Are we at the bottom of the housing crisis yet? According to the National Association of Realtors (NAR), the answer is yes. But if you look closely at recently released data, you might not be quite convinced.

But first, let’s define what the bottom might look like. Ideally, you’d like to see the total number of existing homes sold rise. You’d like to see home prices rise (or at least stop falling) and you’d like to see the inventory of existing and new construction homes for sale fall.

So how did April 2009, the heart of the biggest home buying season of the year, stack up?

The Realtors said that the number of existing homes sold rose 2.9 percent, to a seasonally adjusted average of 4.68 million. However, the total number of existing homes sold is down 15 percent from April 2008.

What about home prices? NAR said home prices fell 15 percent from a year ago. The S&P/Case-Shiller Index revealed home prices in April for the 20 markets it covers slid 18.7 percent from a year ago. Home prices are down 32 percent over the past three years, since the market peaked in 2006.

What about the number of homes that are available for sale? According to NAR, the number of existing homes for sale shot up 8.8 percent, which it attributed to the fact that more sellers list their homes for sale at this time of year. The existing home inventory stands at just over 10 months, which means that it would take more than 10 months for all the existing homes on the market to sell at the current pace.

New construction inventory doesn’t look any better. New residential sales rose 0.3 percent (that’s three-tenths of one percent) in April, but fell 34 percent from a year ago to a seasonally-adjusted annual rate of 352,000 according to the Commerce Dept. The inventory of new construction homes for sale also stands at about 10 months. The median price of a new home fell to $209,000 from $246,000 a year ago.

What about financing? The news isn’t that much better. Interest rates shot up this week, while the number of homeowners who are at least 30-days late in paying their mortgage rose to 9.12 percent, with the share of loans entering foreclosure at 1.37, according to the Mortgage Bankers Association (MBA). Both of those numbers are at a record high.

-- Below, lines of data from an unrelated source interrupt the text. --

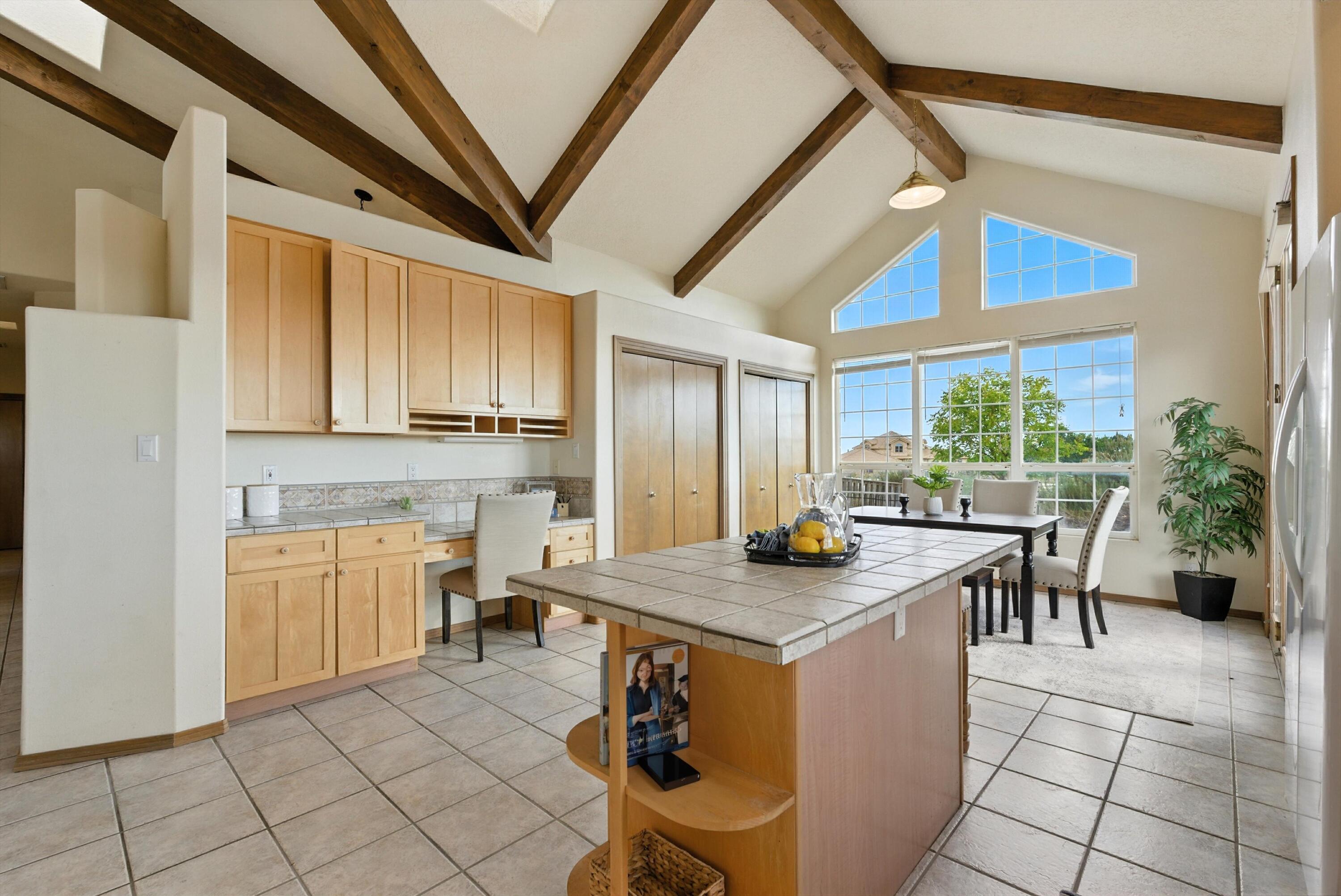 11411 SANTA MONICA Avenue NE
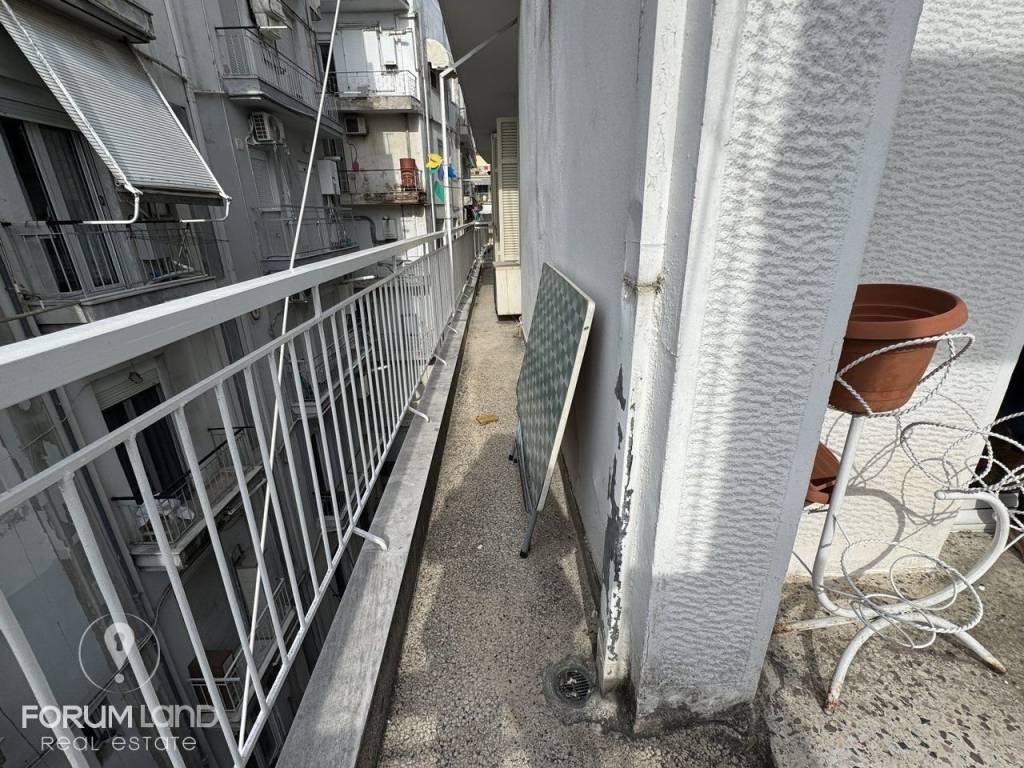 Forumland Real Estate, Βεράντες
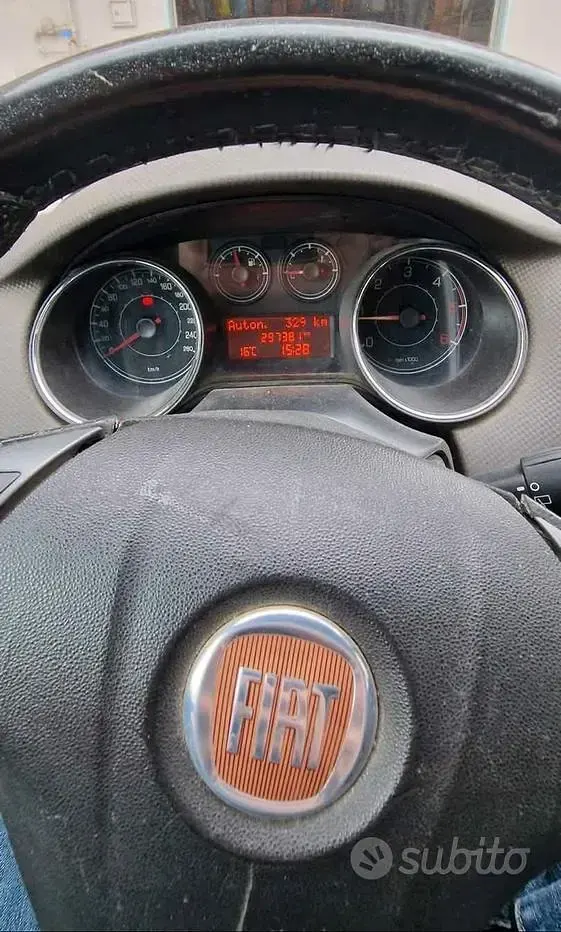 Usata Fiat Bravo 120 CV (88 kW) 2011 Utilitaria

The number of prime mortgages (given to people who had perfect credit at the time the mortgage was originated) going into foreclosure is now 24 percent of the total, a number that is rising, according to the MBA.

What’s going on there? As more Americans lose their jobs, they run through their savings, retirement funds, and any other cash they have access to in order to keep making their mortgage payments. But at some point, they run out of resources. And, their mortgages drop into default and ultimately receive a foreclosure notice.

My guess is that the number of prime loans going into default and foreclosure will continue to rise, as more people lose their jobs. Since it typically takes a few months to run through your resources, the fact that this number is rising now, several months after the U.S. unemployment rate started to rise means we’ll see even higher numbers ahead, once the national unemployment rate passes 10 percent – an event that could occur.

More unemployed Americans means less money they’ll have to spread around the economy, from restaurants to retailers. Which could mean more people will lose their jobs.

While there is an argument to be made that the housing market is perhaps deteriorating more slowly, it’s hard to make the argument that we’re at the bottom yet, much as we all wish that were true. I wish I could be more optimistic about the housing market, but I just don’t see the rebound yet.

It’s been a long cold winter – make that 2 years’ worth of winter if you count from June 12, 2007, when Bear Sterns’ hedge fund collapsed under the weight of its sub-prime mortgage portfolio, as Washington Post financial columnist Allan Sloan pointed out in a recent column.

It’s much nicer to talk about green shoots.